San Francesco, come tutti noi, è un uomo alla ricerca della felicità vera. In questa ricerca si è scontrato con due ostacoli che ha dovuto affrontare e superare: l’illusione e la delusione. Il Cantico fa unità di quelle esperienze.


Il Cantico delle Creature è la composizione della maturità di Francesco, che nella sua vita ha saputo ricondurre tutto all’unità, cioè ha saputo accogliere la realtà, la propria esistenza, i fratelli, non solo prendendone gli aspetti positivi ma anche accettandone i limiti e le spigolosità. Ciò è avvenuto dopo che, nella ricerca della felicità vera, aveva dovuto affrontare illusione e delusione.

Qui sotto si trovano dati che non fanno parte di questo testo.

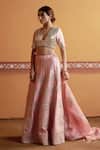 Thetaa Pink Silk, Organza Embroidery, Mirrors V-neck Lehenga Blouse Set Online at Aza Fashions Thetaa_Pink Silk, Organza Embroidery, Mirrors V-neck Lehenga Blouse Set _Online_at_Aza_Fashions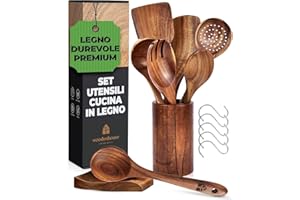 WOODENHOUSE Set Mestoli in Legno, Cucchiaio Legno - Utensili Cucina in Legno per Cucina con Porta e Poggiamestolo - Pentole Naturali Antiaderenti - Set durevole di 13 pezzi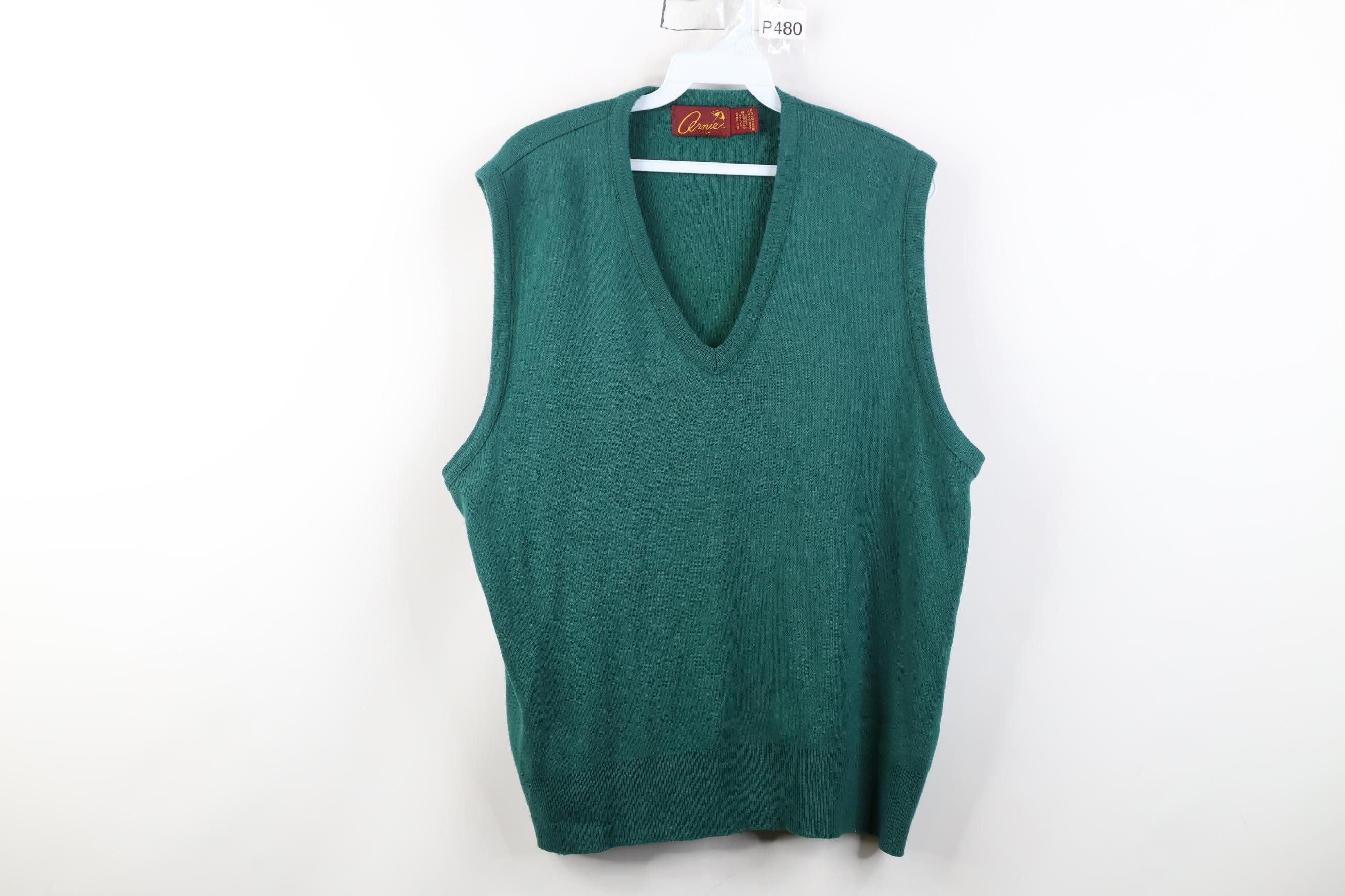 Vintage Vintage 70s 80s The Masters Golf Knit Sweater Vest Green USA Size US L / EU 52-54 / 3 - 1 Thumbnail
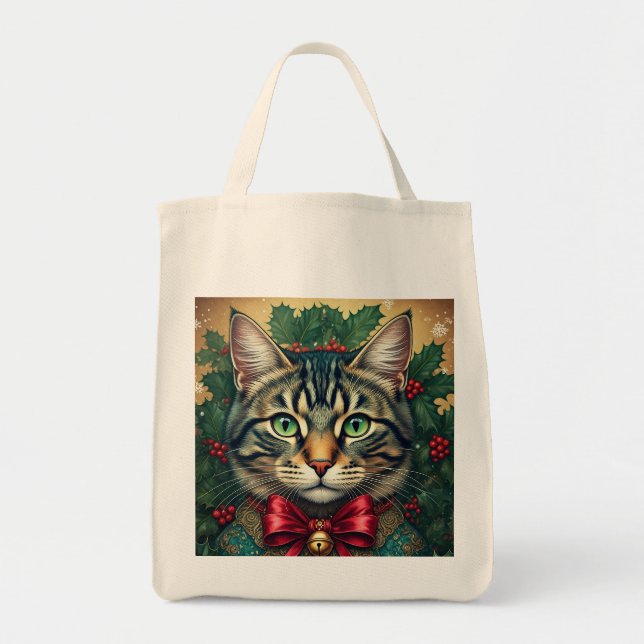 Bolso De Tela Gato de navidades 2024 (Frente)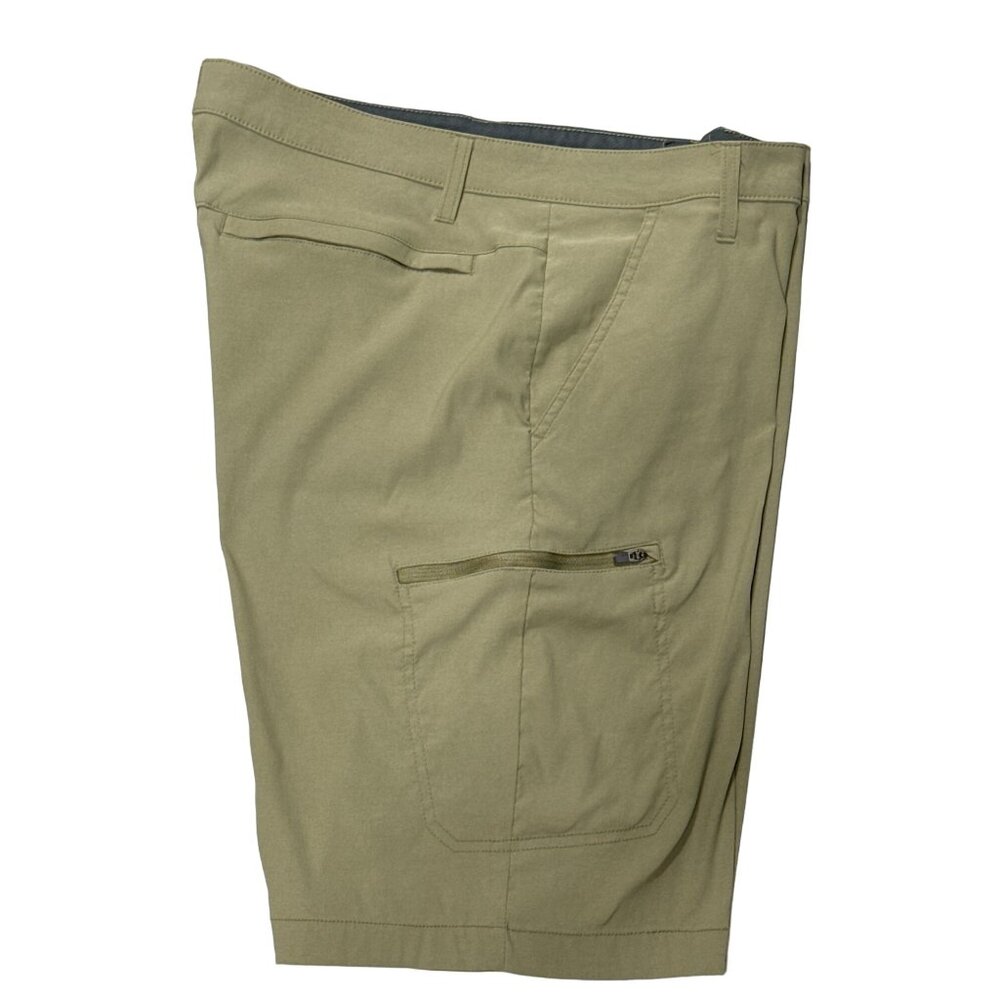 Weatherproof Vintage Mens Shorts Khaki Front Zip Thigh Pocket Back Pocket Sz 38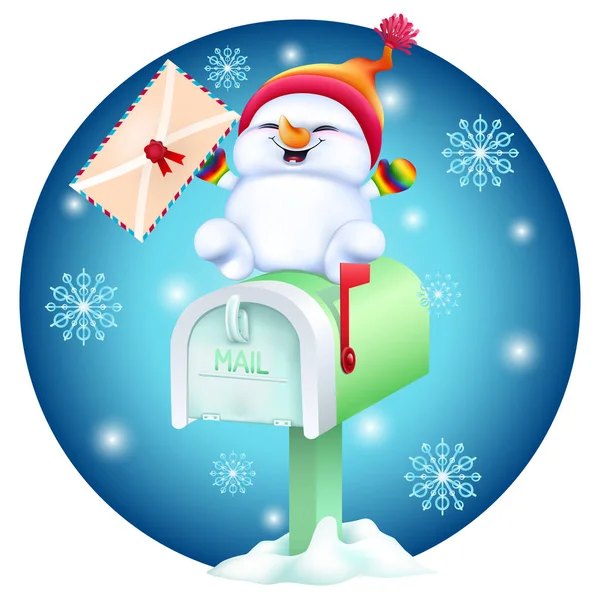 Bonhomme de neige dessin animé mignon avec carte postale — Image vectorielle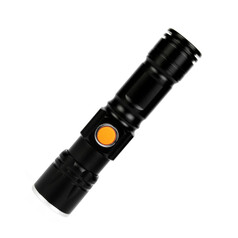 Schwarze LED-Taschenlampe aus Metall mit orangefarbenem Knopf, isoliert auf wei�em Hintergrund.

Troppo spesso nella vita, in noi e negli altri, cerchiamo solo ciò che è bello e ci fa stare bene. Ma cosa fare quando l’incontro con l’altro è anche l’incontro con la sua debolezza e fragilità, con il suo peccato che ci ferisce? Cosa fare quando l’esperienza di sé stessi è accorgersi del proprio egoismo e della propria incapacità di amare? Con tutto questo ha dovuto confrontarsi il giovane Francesco: con il proprio grande desiderio di Dio ma anche con la propria piccola risposta d’amore; con il grande desiderio di creare una fraternità, ma anche con il constatare individualismi e rivalità.

Alla fine, come non rimanere prigionieri della delusione, arrivando a vivere costantemente nel lamento e a disprezzare sé stessi, gli altri e la vita? Troviamo la risposta proprio nel Cantico delle Creature.

Leggendo le lodi a Dio per le creature, si nota uno sguardo positivo su tutto, dove le creature sono tutte belle: il sole illumina con grande splendore, le stagioni danno sostentamento all’uomo, la visione del fuoco che illumina la notte è una visione giocosa e gioiosa, e infine la terra produce con abbondanza cibo e bellissimi fiori.

Questo elenco ci appare poetico all’inizio, ma può anche dare fastidio: è come se Francesco dimenticasse che il creato così bello può essere però anche molto duro e ostile. Ne uscirebbe così un’immagine di un Francesco tra le nuvole, che non conosce o sottovaluta le difficoltà della vita.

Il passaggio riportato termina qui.